TANZANIA – Tanzanian research institutes have discovered new high-yielding palm oil seeds known as Terena set to boost the cultivation of the trees and production of edible oil in the country.
“President Dr. Samia Suluhu Hassan I would like to inform you that research institutes in the country have succeeded in discovering and experimenting with the cultivation of the palm oil tree seeds called Terena … this is great for our institutions,” Prime Minister Kassim Majaliwa said during the swearing-in ceremony of the leaders recently appointed by President Samia Suluhu Hassan at Chamwino State House in Dodoma.
The new variety has gone through trials in some of the cultivation areas in the country such as Kigoma, Kagera, Tabora, and Coastal regions, and has depicted promising outcomes.
According to Majaliwa, the government has been strategizing with the view to increasing local production of palm oil seeds so as to reduce dependence on importation and end price fluctuation.
Terena is a crossbreed between two different types of parents namely dura and pisifera palms.
The mother palm hybrid dura fruits have a thick shell while the father palm pisifera fruits have no shell at all. A cross between the two results in hybrid terena fruits with a thin wall.
Terena palms produce up to 30 percent more oil than their parents and their fruits have brown/black fibres in the outer covering.
The Tanzanian government instructed the Agriculture Seeds Agency (ASA) to produce 15,000 tonnes of quality seeds for distribution to farmers in various regions by 2025, in a move to realize its target of producing 700,000 tonnes of edible oil a year.
“We have a strategy to increase the size of land used for seeds multiplication from 15,000 hectares to 250,000 hectares in order to increase the quantity of seeds produced annually,” said Anthony Mavunde, Tanzania’s Deputy Minister of Agriculture.
He revealed that the government had increased its budget from Tsh 294 billion (U.S$ 125 million) to Tsh 751 billion (U.S$ 321 million) in the 2022/23 financial year, a move that will enable the agency to meet its seed multiplication target of 10 percent growth reaching 2030.
The major crops for edible oil production in Tanzania are sunflower, palm oil, groundnuts, sesame, soya beans, and cotton.
During his working visit to Kigoma, Majaliwa urged Small Industries Development Organisations (SIDOs) to continue developing good and simple palm oil milling technologies, which can enable Tanzanians to produce more and better oil in the country.

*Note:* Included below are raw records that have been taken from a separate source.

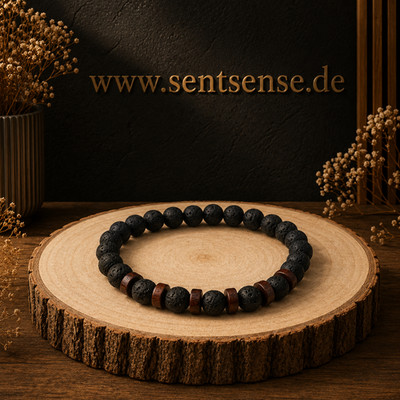 Lavastein Armband 8mm Elastisch   Naturstein Perlenarmband Herren Damen | 7cm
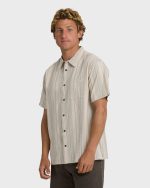 Sundays Jacquard Short Sleeve Woven Shirt - Oatmeal - Image 3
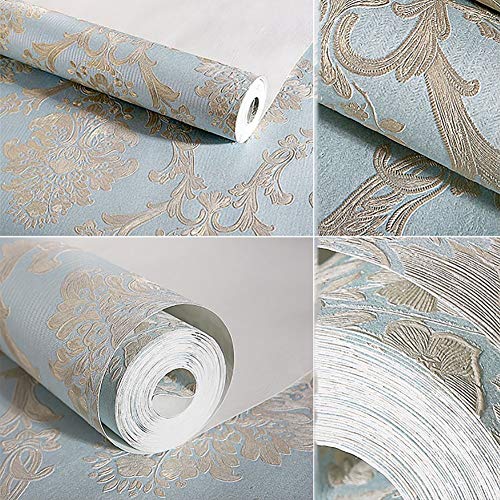 Ccsu 3D European Fabric Wall Covering For Bedroom Living Room Tv Background Wall Decor,Not-Woven Embossed Vintage Floral Wallpaper Blue 1.73Ft32.8Ft(0.5310M) #TOP4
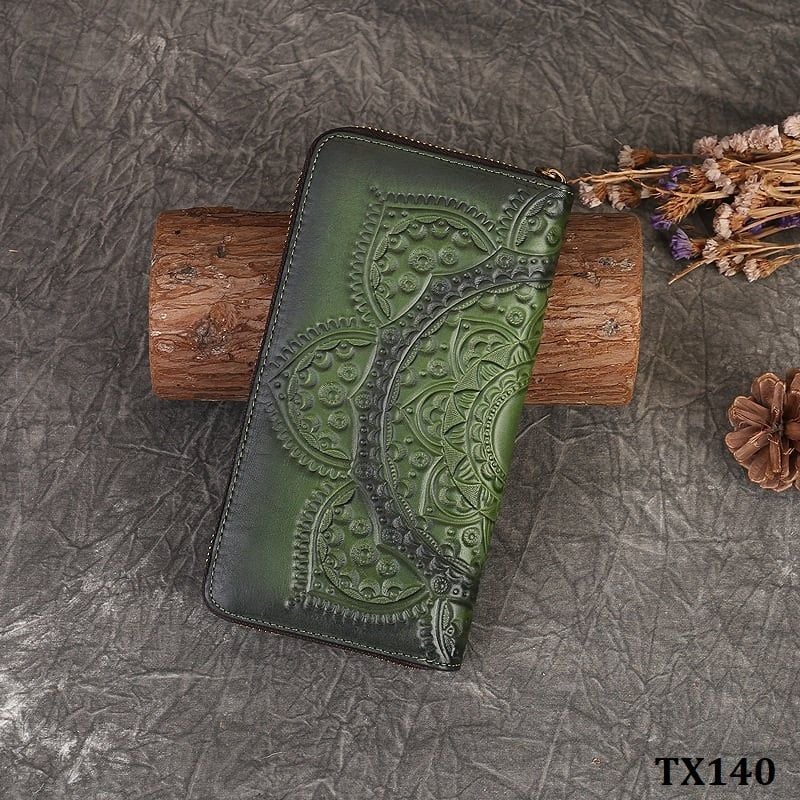  TX140-Ví Cầm Tay Da Thật Khắc Hoa Văn Cổ Điển 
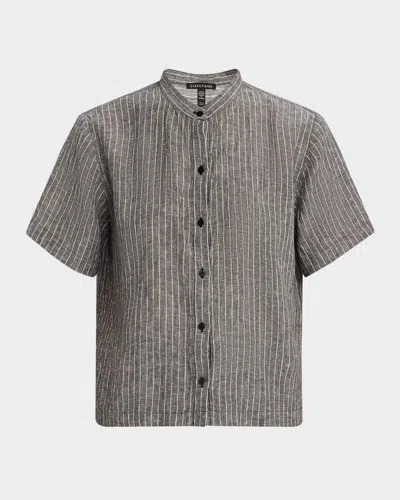 Eileen Fisher Boxy Striped Organic Linen Shirt In Multi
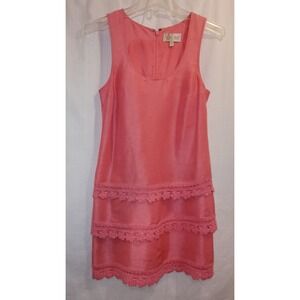 Tracy Reese Frock‎ Salmon Pink Linen Silk Tiered Tank Dress Sleeveless Petite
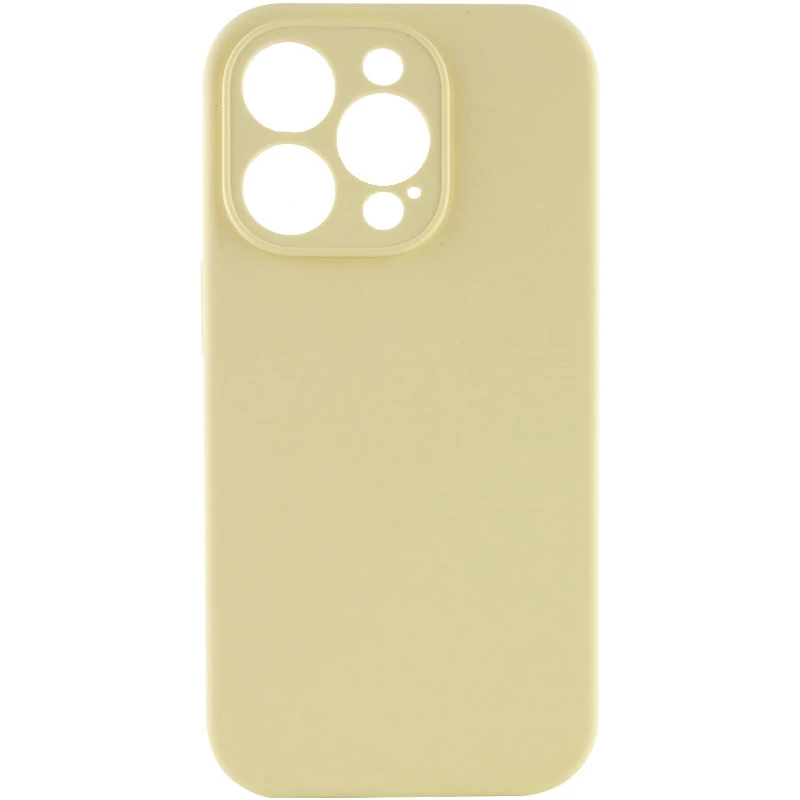 Чехол с защитой камеры Silicone Case для Apple iPhone 15 Pro (6.1") – Желтый / Mellow Yellow. Фото 1 из 6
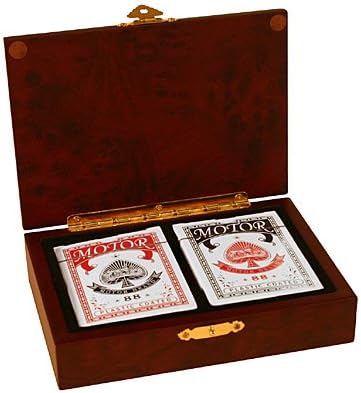Decorative Lacquer Finish Wood Playing Card Box Set with 2 Decks of Cards (Vintage Golf Design)
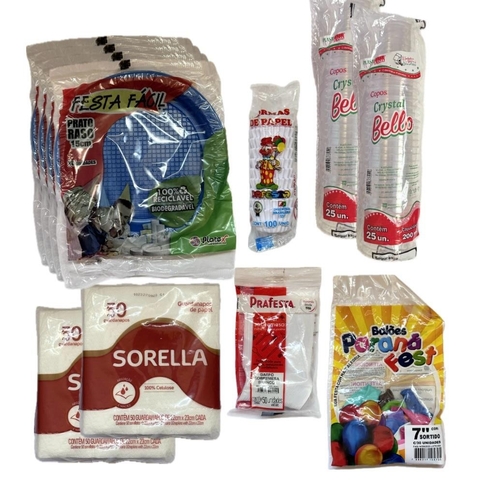 Kit Descartável Colorido Festa Aniversário Evento Até 40 Pessoas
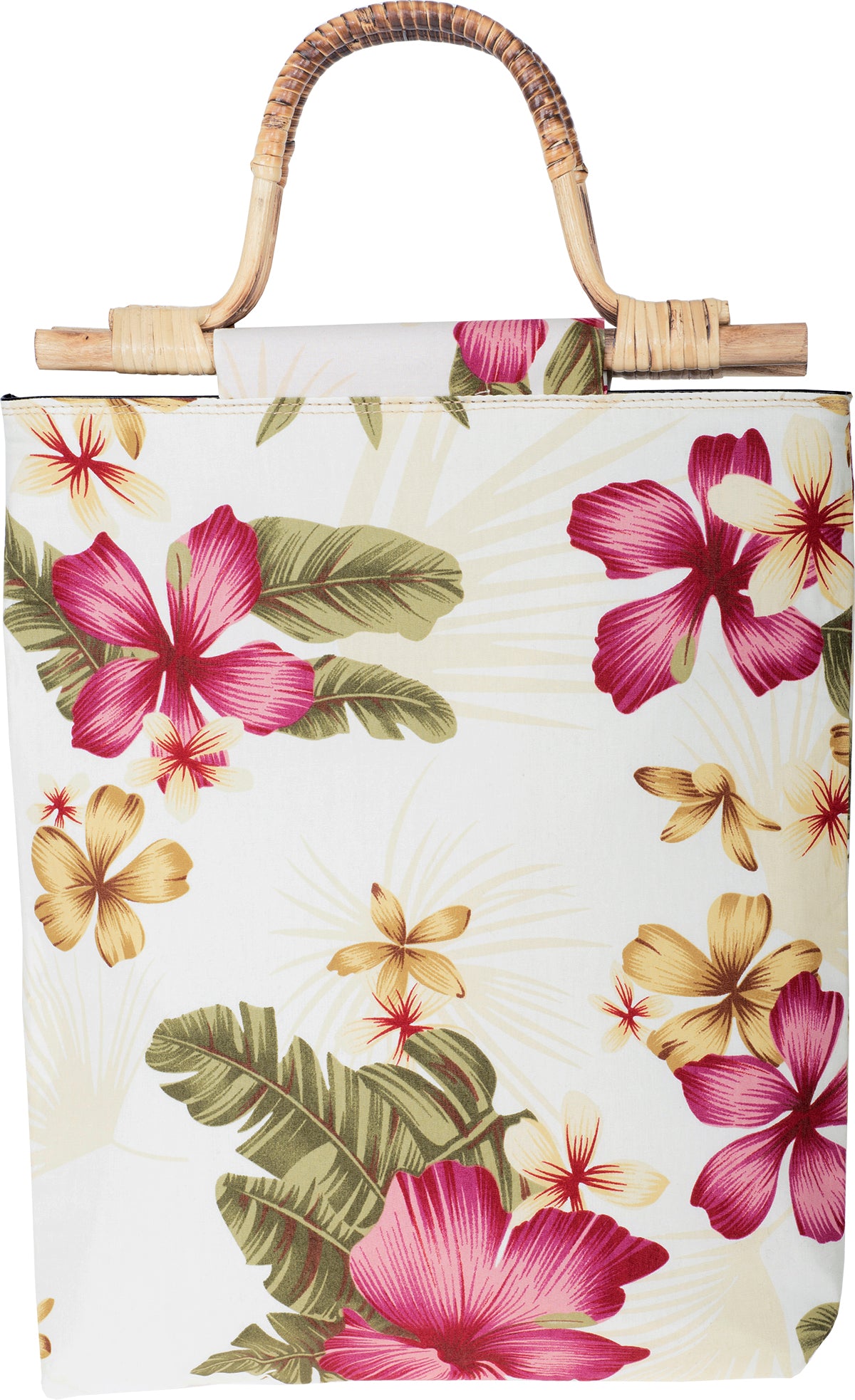 Kuestenluder_CATHLEN_Tropical_HIBISKUS_Blumen_Bambushenkel_HANDTASCHE_weiss-1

“President Samia Suluhu Hassan has supported SIDO with funds to design modern machines for milling palm oil up to 100 percent. It’s therefore important that our farmers move from the old technologies to boost themselves economically,” he pointed out.
He directed Kigoma Regional Commissioner Thobias Andengenye and area SIDOs to ensure that they introduce standard palm oil measuring scales instead of local containers known as Bidoo, which exploit farmers.
The buyers use hot water to expand a 20-liter container so that it can hold 25 liters, but they only end up paying for 20 liters.
Tanzania generates 205,000 tonnes of cooking oil through oil seed production year compared to a demand of 570,000 tonnes.